◆ Short descriptive text snippets:

[Start of section]

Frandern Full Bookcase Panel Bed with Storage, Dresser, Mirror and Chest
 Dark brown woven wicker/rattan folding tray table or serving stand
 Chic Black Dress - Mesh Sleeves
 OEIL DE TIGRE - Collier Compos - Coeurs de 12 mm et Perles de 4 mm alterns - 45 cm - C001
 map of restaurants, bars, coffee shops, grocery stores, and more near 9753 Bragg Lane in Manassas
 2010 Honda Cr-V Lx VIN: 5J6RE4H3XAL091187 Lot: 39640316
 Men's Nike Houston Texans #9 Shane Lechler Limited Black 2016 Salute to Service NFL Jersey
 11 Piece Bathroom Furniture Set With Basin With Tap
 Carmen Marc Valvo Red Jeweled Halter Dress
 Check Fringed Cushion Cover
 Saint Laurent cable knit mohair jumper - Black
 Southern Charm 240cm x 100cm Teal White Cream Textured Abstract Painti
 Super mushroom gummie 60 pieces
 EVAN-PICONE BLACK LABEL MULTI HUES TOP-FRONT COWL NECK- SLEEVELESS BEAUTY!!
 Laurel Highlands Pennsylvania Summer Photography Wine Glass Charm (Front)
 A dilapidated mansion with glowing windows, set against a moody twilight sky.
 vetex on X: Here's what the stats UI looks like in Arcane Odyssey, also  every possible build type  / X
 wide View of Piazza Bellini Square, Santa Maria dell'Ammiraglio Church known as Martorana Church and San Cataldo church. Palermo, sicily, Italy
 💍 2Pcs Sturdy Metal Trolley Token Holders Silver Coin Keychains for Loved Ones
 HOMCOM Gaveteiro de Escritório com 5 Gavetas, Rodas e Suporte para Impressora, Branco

[End of section]

◆ EXERCISE DESCRIPTION: The answer must consist of every line above that contains the word "Charm".

◆ OUTPUT OF THE TASK:
 Southern Charm 240cm x 100cm Teal White Cream Textured Abstract Painti
 Laurel Highlands Pennsylvania Summer Photography Wine Glass Charm (Front)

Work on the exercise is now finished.